Volume 4, Number 4-5, October 2013, pages 210-213

Excellent Response to Palliative Chemotherapy for Pleural Recurrence of Uterine Papillary Serous Carcinoma

Uterine papillary serous carcinoma (UPSC) is an aggressive variant of endometrial cancer. Although it represents only about 10% of all endometrial cancers, it accounts for almost 40% of endometrial cancer related deaths [1]. The 5-year survival rate for all stages of UPSC is only 53% compared with 83% for endometrioid carcinoma [2]. Though the majority of women with UPSC have a high risk of recurrence [1], recurrence limited only to the pleural space has not been previously reported. It is also uncommon for it to occur 10 years after the initial treatment as UPSC is usually much more aggressive. This report is encouraging in that it provides a promising 5 year follow-up of the patient after completing palliative treatment, giving a glimmer of hope in this usually aggressive cancer.

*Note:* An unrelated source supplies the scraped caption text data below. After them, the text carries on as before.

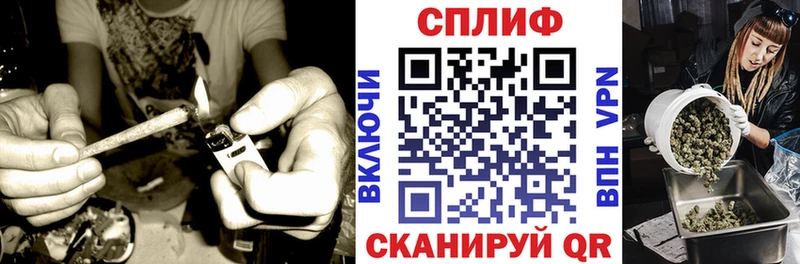 Бошки Шишки OG Kush  Салехард 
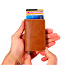 UUS ProWallet™ rahakott koos mugava kaartide organiseerijaga (foto #1)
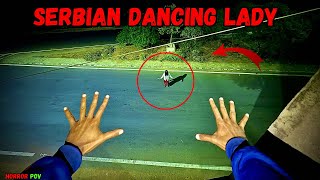 Download lagu Serbian Dancing Lady Part 78 | Horror PoV | Horror Full Video | Ghost Pov | The Midnight Terrors 01 mp3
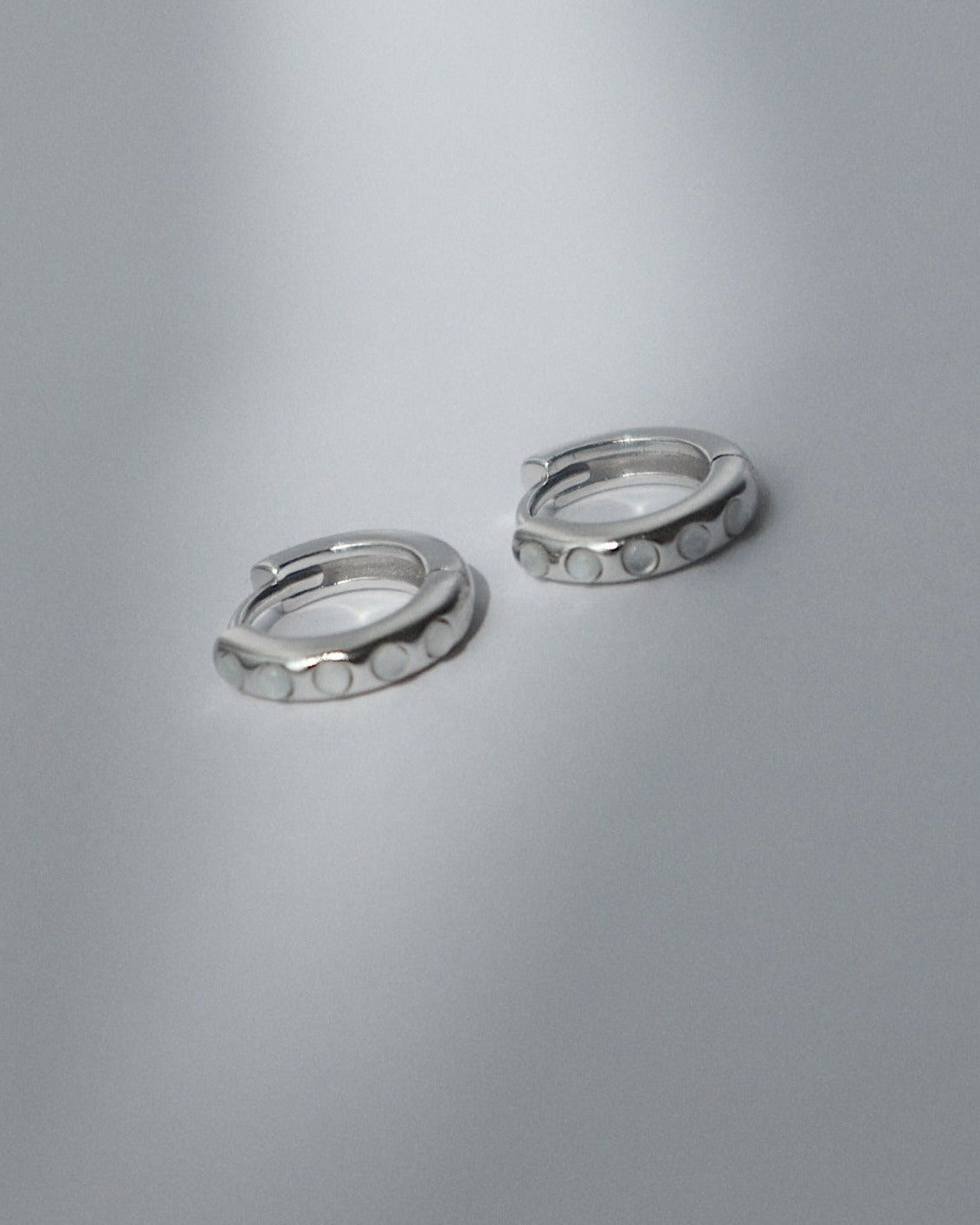 'Sigrid-Dottie' Huggies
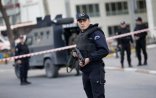 Türkiyədə aeroportda bomba həyəcanı
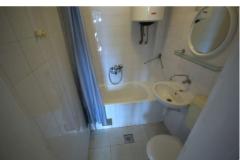 Dom Slaviček Apartmán 4 - Apartman foto 5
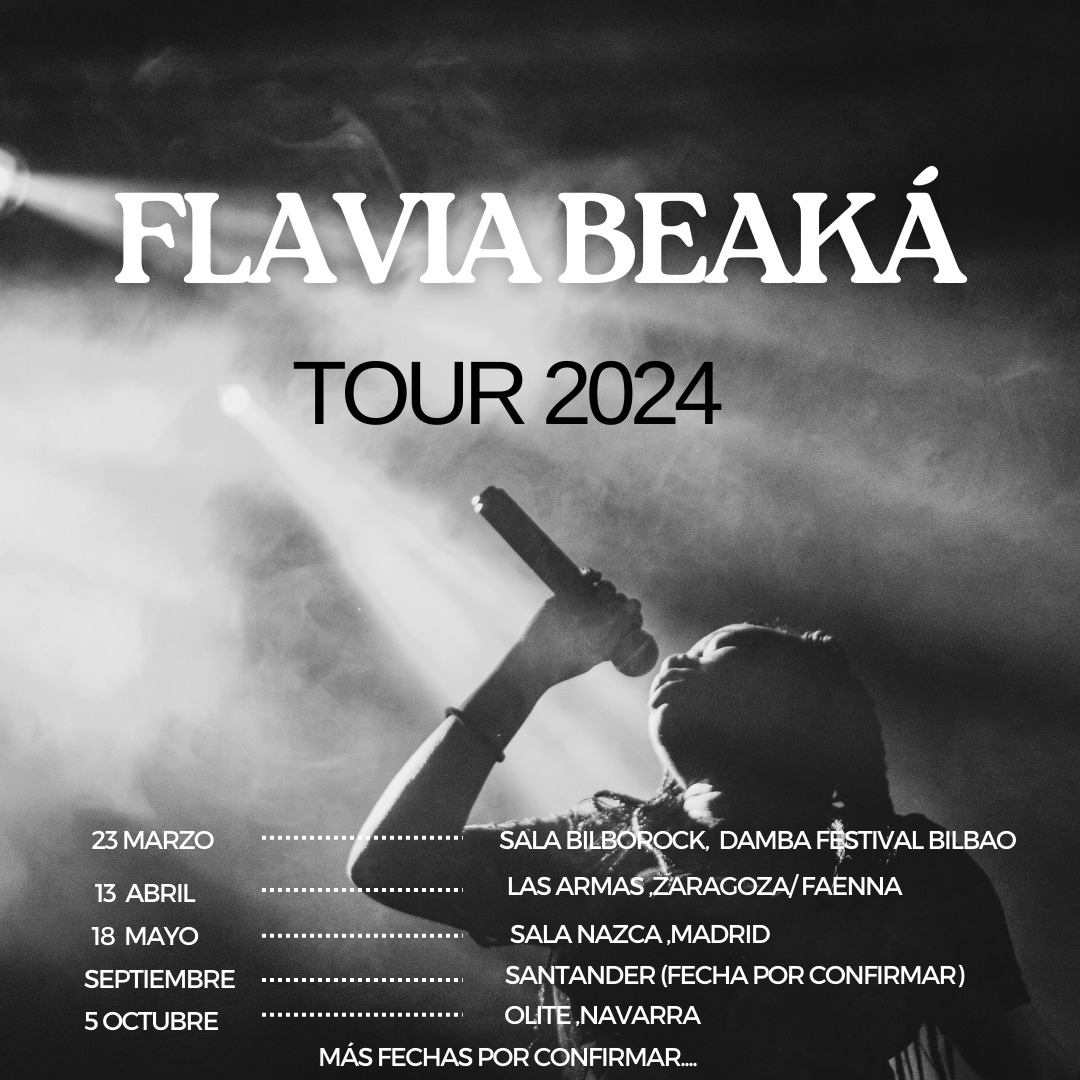 Gente,comienzo por fin a girar un poco por algunas ciudades así q aquí os dejo algo de info.... Nos vemos 😉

In June 1997, a 65-year-old G9P009 African-American woman was treated for FIGO stage IIA UPSC with total abdominal hysterectomy, bilateral salpingo-oophorectomy, and pelvic lymphadenectomy with ³²P catheter placement, followed by adjuvant external beam radiation. She was followed without clinical evidence of recurrence until December 2007, when she presented with shortness of breath of a few weeks duration. Her CA-125 level was elevated at 112 IU/mL. A chest x-ray showed a right side pleural effusion. A chest CT, in addition to confirming pleural effusion, also showed pleural-based nodules (Fig. 1). A diagnostic and therapeutic thoracentesis was done and 2 liters of serosanguineous fluid was removed.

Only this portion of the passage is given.